Today is the day that I saw a too-graphic picture and got sucked in.  I looked at their faces, their cold, little unnamed faces lying in the trash. I saw the close-up of the neck wound that killed them after they were born alive. I read that one mother watched while her baby was killed that way. I am sure it was the most shocking and wrenching moment of her life. I am sure nobody told her an abortion would be like that. I am sure she was told it would be safe and harmless, and that she was only having a mass of tissue removed. Her baby, like the others, turned out to be a real baby, and struggled to survive until the cruel moment when the nurse ended it's little life. On it's birth-day.

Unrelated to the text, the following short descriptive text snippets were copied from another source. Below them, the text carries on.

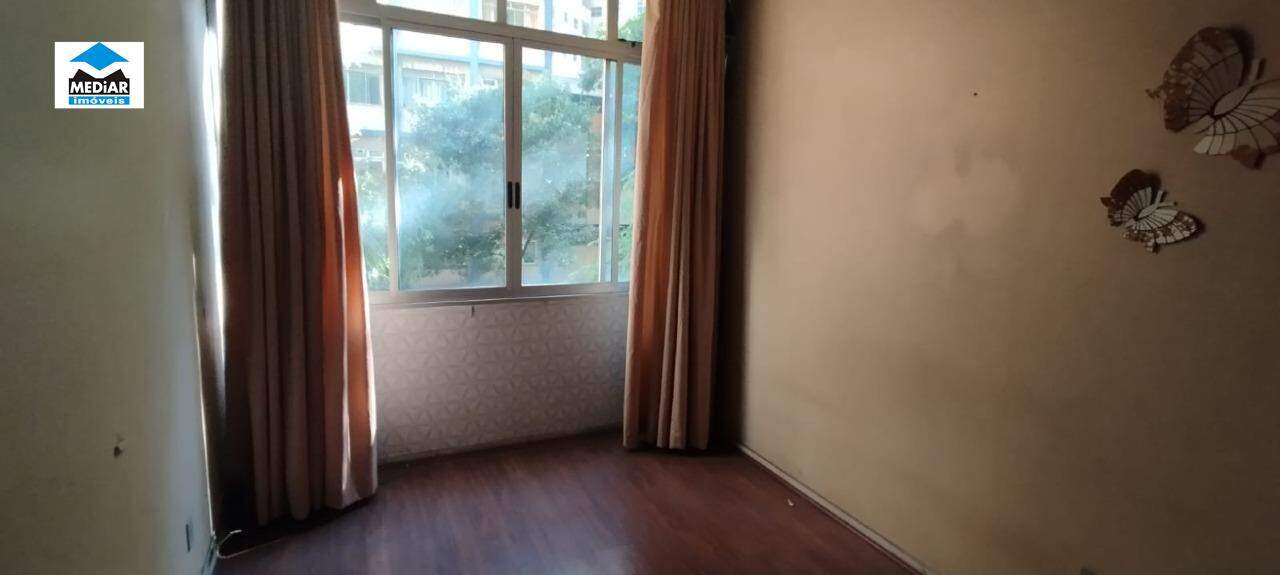 Apartamento à venda com 3 quartos, 130m² - Foto 7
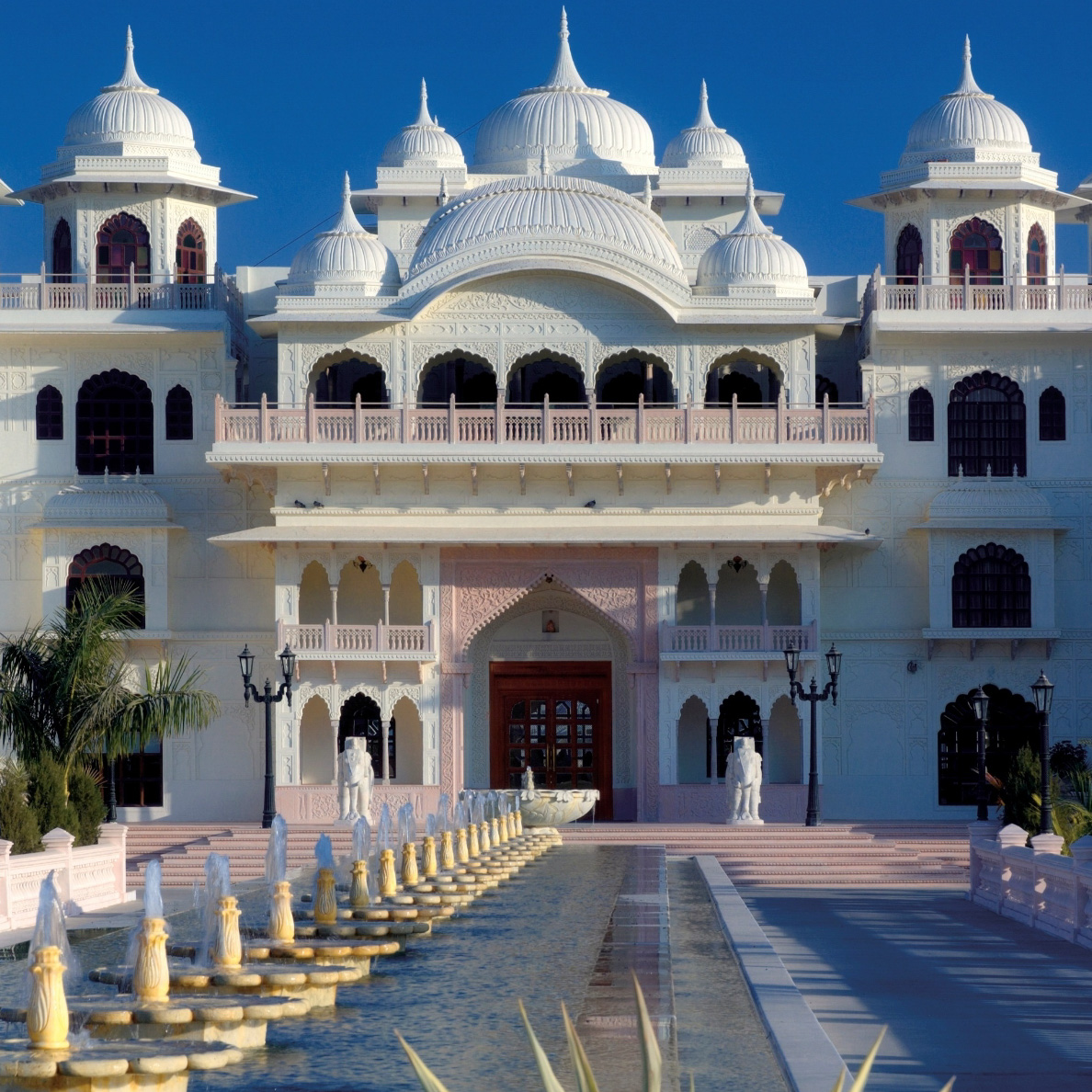 shiv vilas palace front image_edited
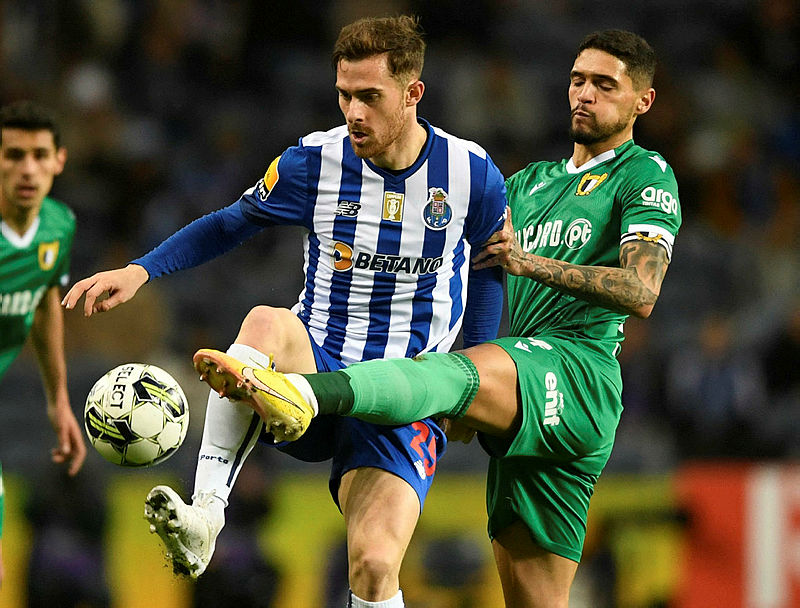 TRANSFER HABERİ | Fernando Santos özel olarak istedi yönetim harekete geçti! Beşiktaş’a Brezilyalı stoper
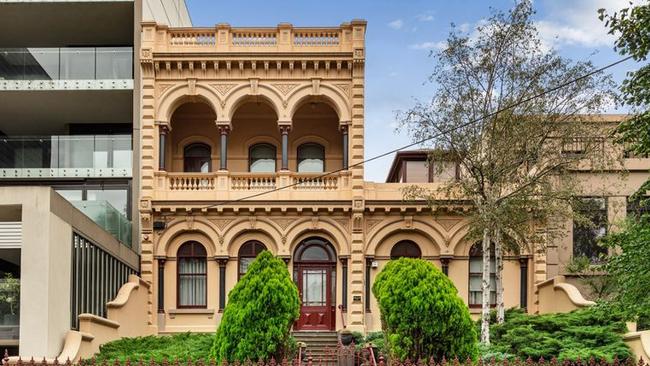 140-142 Jolimont Rd, East Melbourne was built for Thomas Joshua Jackson of the Young and Jackson hotel fame.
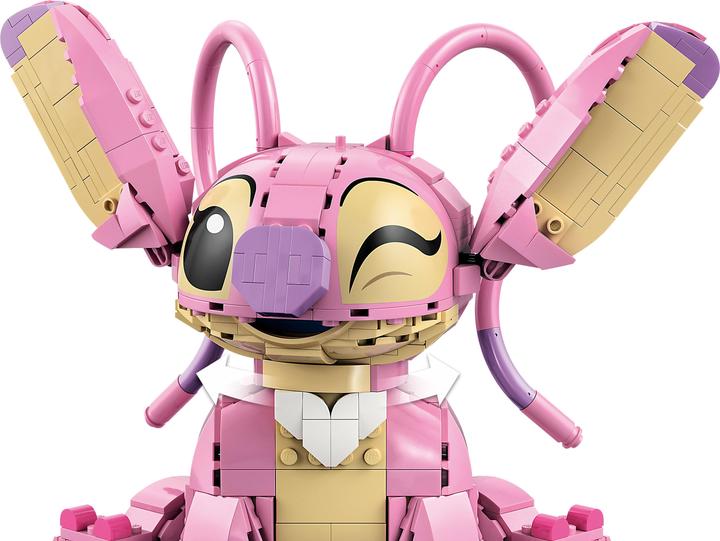 Actual product image LEGO Angel (43257)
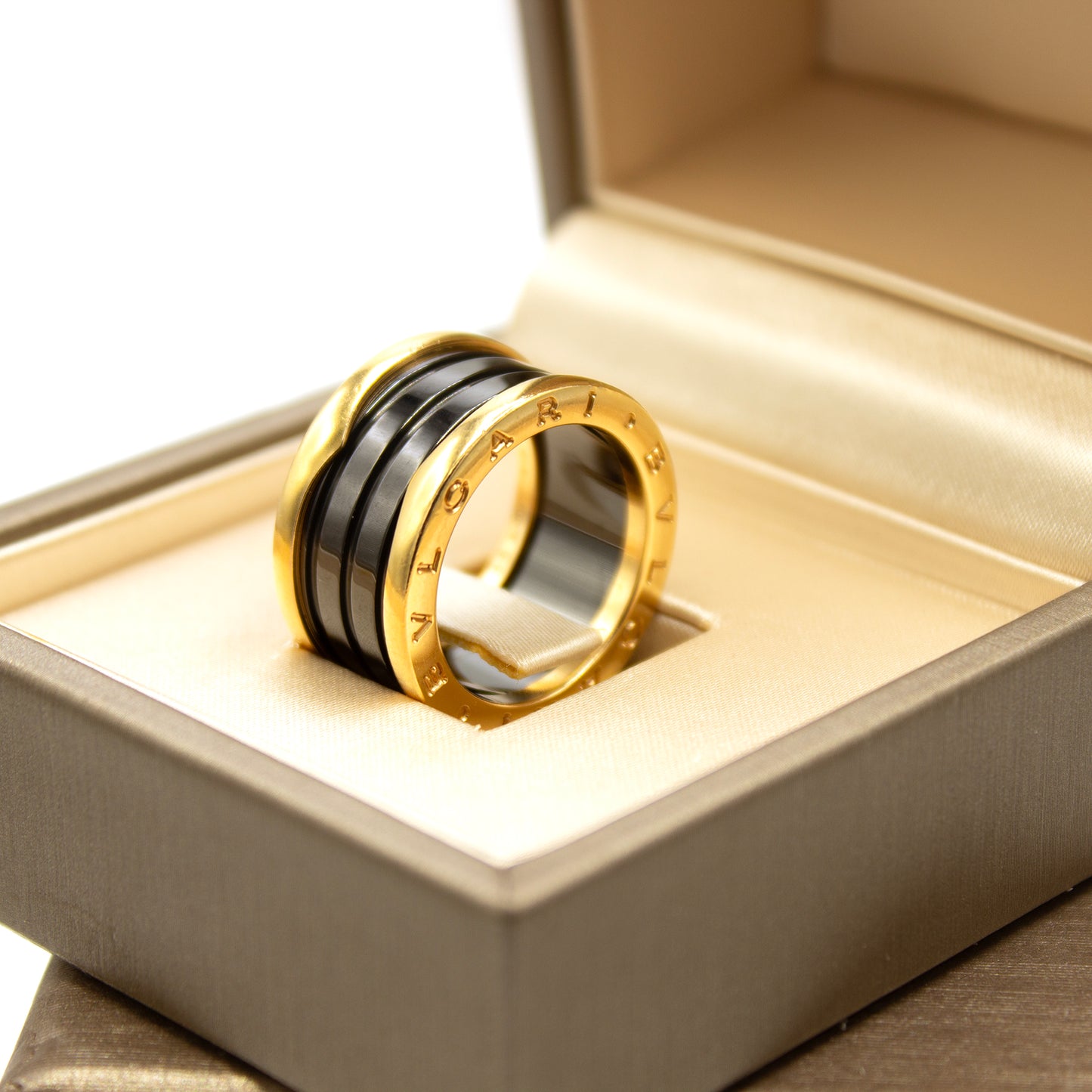Bulgari B.Zero1 18K ceramic ring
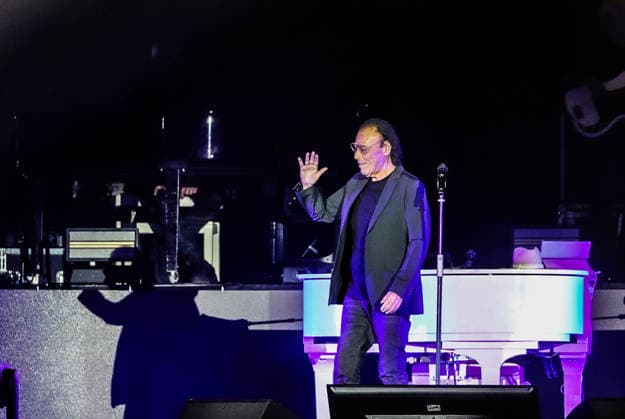 Music Concert - ANTONELLO VENDITTI The italian singer Antonello Venditti during the concert in Turin during ANTONELLO VENDITTI, Music Concert in TORINO, Italy, December 12 2025 TORINO INALPI ARENA Italy Copyright: xRenataxRoattinox xLiveMediax LPM_2192664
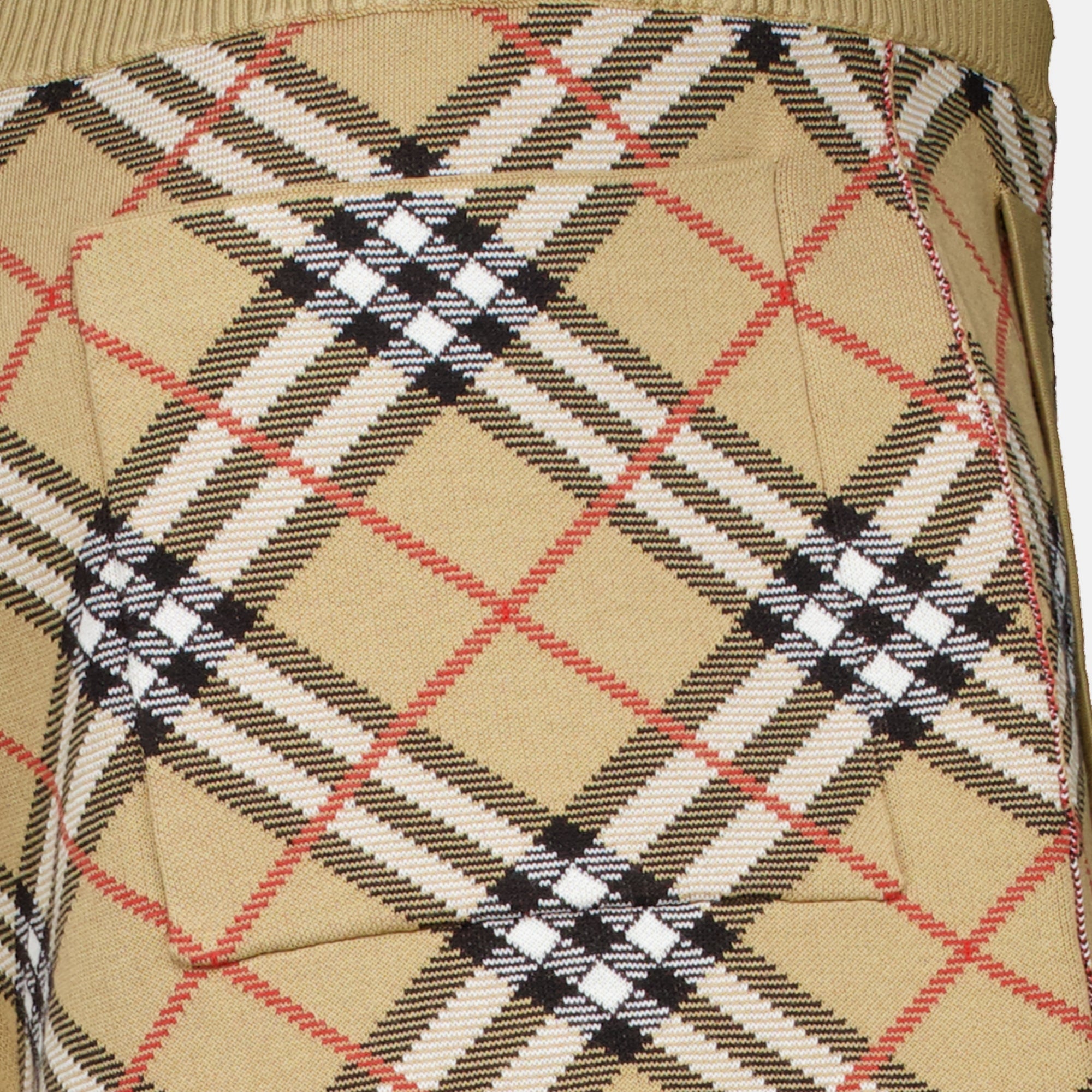Shorts Short Check en coton Burberry Beige Femme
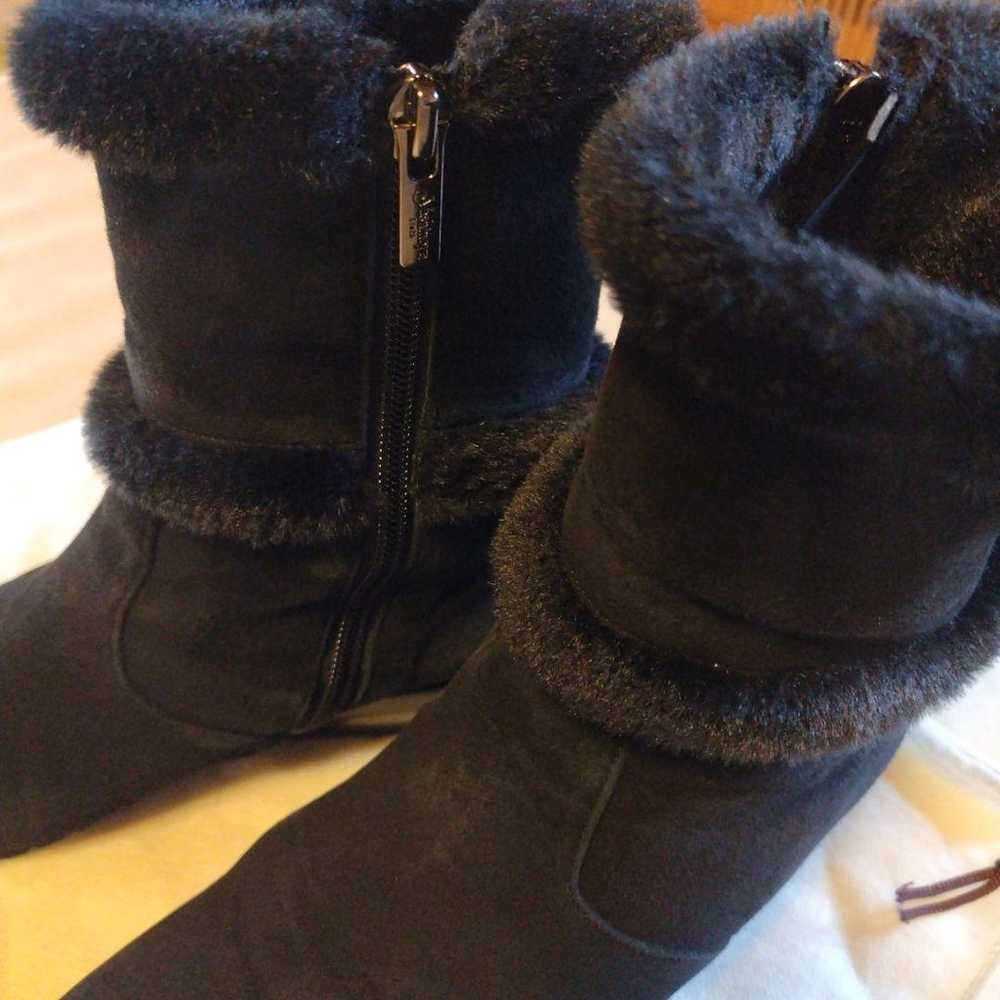 Ginza Yoshinoya Fur-Lined Short Boots - image 2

The torture that must drive any woman to abort her baby must be nothing compared to the torture afterwards, especially for that mother I read about.  The hurt I felt just reading about it was so overwhelming, and I have not walked in her shoes or had the life she had that must have made her feel that there was no other option for her baby.

The babies, though. I could not go on with my day after seeing their little bodies and faces and realizing, not for the first time, but somehow more painfully than usual, that they had no names, nobody knew who they were, ever. I could only sit on the living room floor sobbing for them, that they had such a terrible end when they should have been welcomed, named, warmed and bathed and loved.  One baby boy looked so cold and lonely, especially.  I couldn't think how to get up off the floor and stop crying for him, for all of them.

Finally I just asked God if he would fix it. He is God, who else could you ask? Who else would know what to do? I don't know what He'll do, but I do know that He is planning to do something.  Someday He will put everything right. (See the whole book of Isaiah.) I find comfort in knowing that he is so kind that he even notices when a sparrow falls out of the sky, (Matthew 10:29) that he puts each one of our tears in a bottle. (Psalm 56:8) I guess he also puts each of those babies' tears into their own little bottle, too.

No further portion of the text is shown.